Wal-Mart and Tesco have invested capital into India market for a while. Some people keep positive think that they can successful survive in local competitive market. But some people still keep looking this new market. No matter what difference of MNEs consideration, Invest in India seems a new trend in many industries. Based on very different opportunities and risks, what kind of strategy does Sainsbury’s can develop in India, and that is our group learning from here and concerning.
2. Company profile
Sainsbury’s is the third biggest supermarket retailer in the UK. There are more than 290 convenience stores and 502 supermarkets across the UK. According to statistic provided by Datamoniton (2010), more than 18 million customers visit Sainsbury every week. The financial performance is excellent for the past few years, as reported the pre-tax profit increased by 57.3% from £466 million in 2009 to 733 million in 2010. (Key note, 2010). Food and grocery are the main products, despite of displaying high-end products from other independent suppliers, the own brand which accounts for 40% of its sales, also showed promising driving power. Moreover, its new strategy is to develop more products of private labels and promote local organic products (GMID, 2010).
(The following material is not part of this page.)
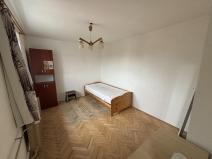 Pronájem bytu 1+kk, Ostrava, Závišova, 15 m2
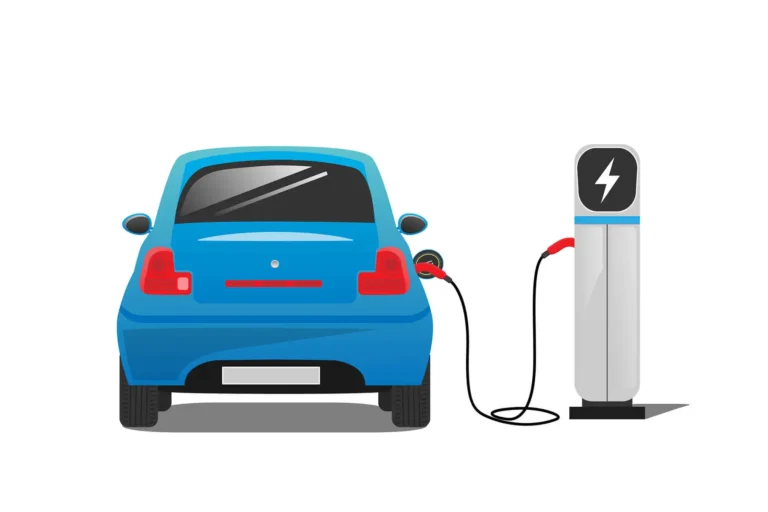 Which Country Has the Highest Percentage of Electric Cars?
3. Macro and micro investment environment analysis
The macro and micro investment environment analysis integrated two methodologies. Basically, this report adopts Dunning’s (1988) OLI theory to critically examine Sainsbury’s ownership, location and internalization conditions in India. However, due to the limitations of OLI theory, the report also employs Porter’s diamond theory to help to give full interpretation. It would contribute to give a depth and board analysis of investment environment.
3.1 Ownership analysis
Table1. Ownership analysis
Advantages
Disadvantages
Capital advantage
High reputation for offering good quality food to customers
Low demand of electric energy
Less FDI experience in Asia
Relatively weak demand of matched customers
Low level infrastructure and poor electricity supply
In terms of Sainsbury’s ownership, there are three principal advantages.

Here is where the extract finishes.